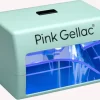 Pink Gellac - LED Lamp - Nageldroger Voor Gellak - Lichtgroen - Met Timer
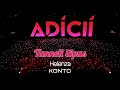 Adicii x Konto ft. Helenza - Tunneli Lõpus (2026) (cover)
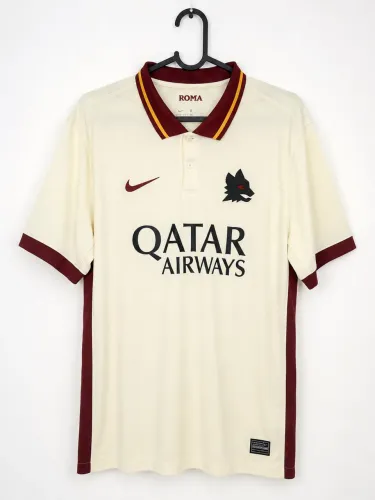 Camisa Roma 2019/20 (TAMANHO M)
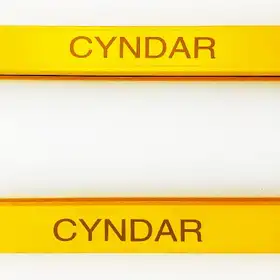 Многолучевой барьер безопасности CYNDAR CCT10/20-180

────────────────────────────────────────

What the exercise asks | Take the lines from the one that contains "Adicii x Konto" down to the last line of the listing above, both included, and set them down exactly, leaving out pictures.

Response |
 Adicii x Konto ft. Helenza - Tunneli Lõpus (2026) (cover)
 Camisa Roma 2019/20 (TAMANHO M)
 Многолучевой барьер безопасности CYNDAR CCT10/20-180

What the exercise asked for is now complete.